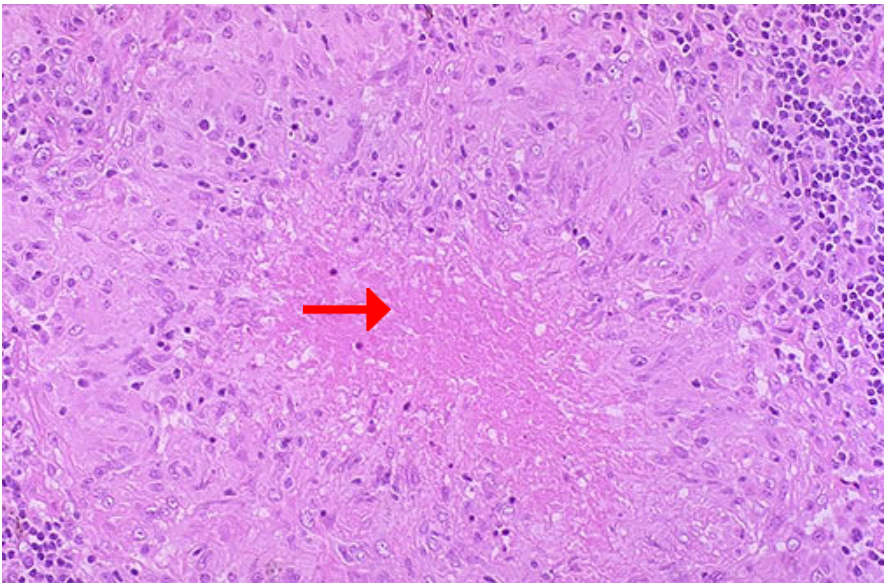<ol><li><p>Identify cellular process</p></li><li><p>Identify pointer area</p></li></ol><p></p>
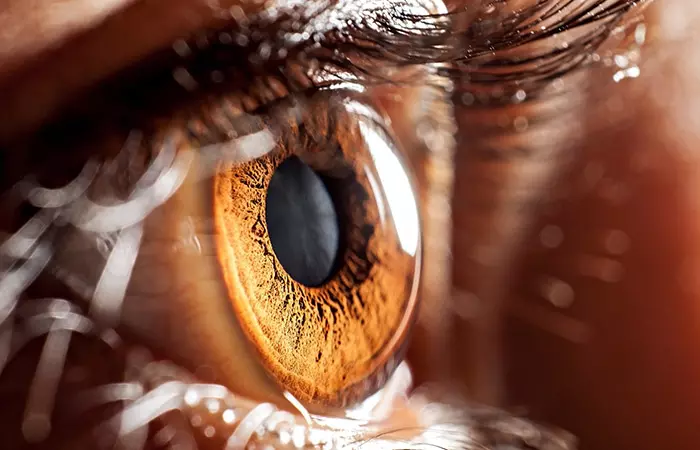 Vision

--

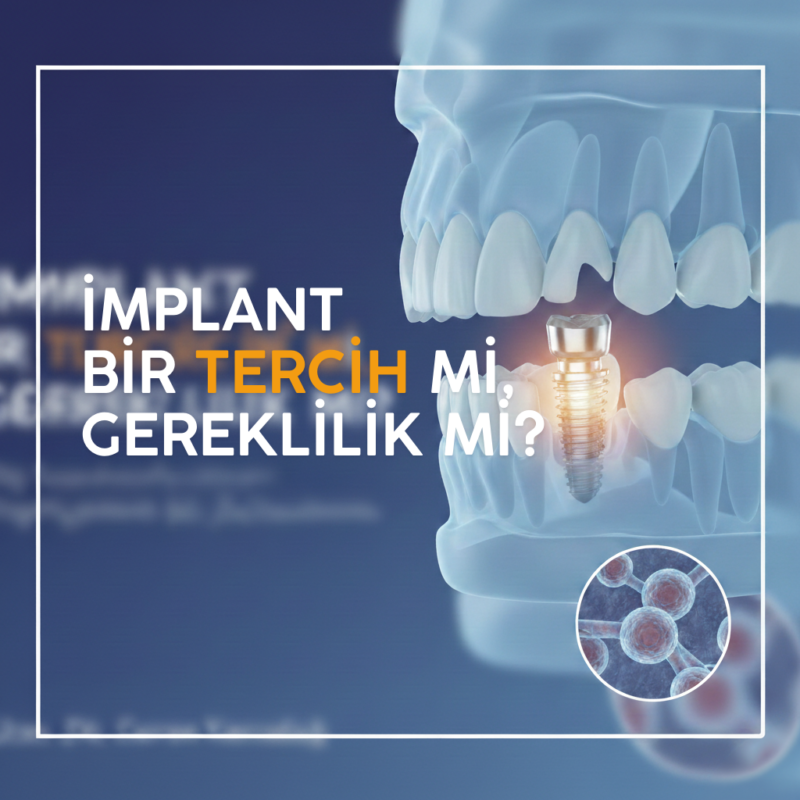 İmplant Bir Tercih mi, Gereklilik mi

---

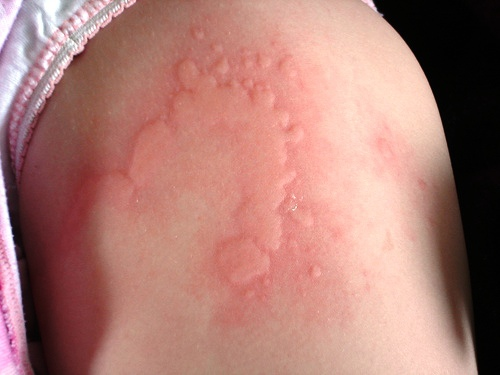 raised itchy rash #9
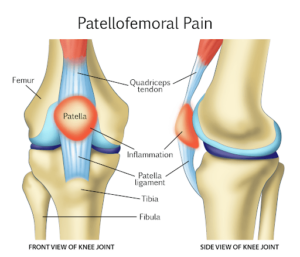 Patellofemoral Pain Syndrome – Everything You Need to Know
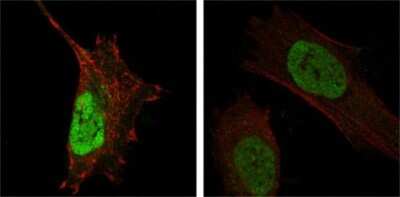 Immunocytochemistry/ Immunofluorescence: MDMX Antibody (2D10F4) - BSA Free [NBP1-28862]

> INSTRUCTIONS FOR THE TASK
Would you set down only the lines above from the line with "Patellofemoral Pain Syndrome" to the line with "Immunocytochemistry/ Immunofluorescence: MDMX", both included, exactly as they stand and without the pictures?

> ANSWER TO THIS EXERCISE
 Patellofemoral Pain Syndrome – Everything You Need to Know
 Immunocytochemistry/ Immunofluorescence: MDMX Antibody (2D10F4) - BSA Free [NBP1-28862]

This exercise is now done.